Junto a esta protección de la libertad por el Estado, la protección de la igualdad es también necesaria. Para Rawls, esta protección puede conseguirse mediante la provisión de unos bienes mínimos a todos los integrantes de la sociedad. Sin embargo, otros pensadores como Amartya Sen critican esta concepción al considerar que diferentes individuos pueden obtener diferentes beneficios de los mismos medios según sus capacidades, y propugnan por tanto la necesidad de alcanzar no una mera redistribuición (que además, probablemente será incompleta) de los medios, sino una igualdad en las capacidades.
Como alternativa a las concepciones de Rawls y Sen, puede mencionarse la ética discursiva de Apel, la cual también se centra en la justificación de lo justo, y no a partir de una distinción entre individuo y ciudadano, sino por considerar que lo justo es lo único susceptible de justificación racional. Para ello plantea el principio dialógico, basado en la dimensión pragmática del lenguaje. Habermas también parte del principio dialógico de Apel, centrándose en la capacidad de convicción de los argumentos, la cual depende no tanto de su estructura, como de su contenido, y por tanto de la dimensión pragmática de la comunicación, tal y como condensa en su versión dialógica del imperativo kantiano, que establece la necesidad de someter dialógicamente los principios éticos a la convalidación de los demás. Así, el “sujeto trascendente” kantiano queda sustituido por la intersubjetividad como fundamentación de los principios éticos.

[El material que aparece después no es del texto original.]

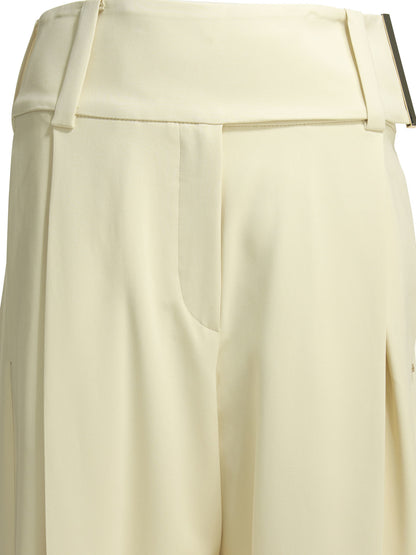 Tailored pants Trousers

Con todo esto, puede establecerse una distinción entre dos esferas: la de la autonomía y la de la autorrealización. La autonomía corresponde a los principios universalizables convalidados dialógicamente, y la autorrealización a las posibles concepciones de la vida buena que sean compatibles con estos principios universales. En correspondencia con esto, Adela Cortina propone una ética de máximos y mínimos: unos máximos correspondientes a las diferentes ideas de vida buena, que deben respetarse activamente, y unos mínimos que se corresponden a los principios universales, y que son progresivamente ampliables, constituyendo así el germen de una ética intercultural.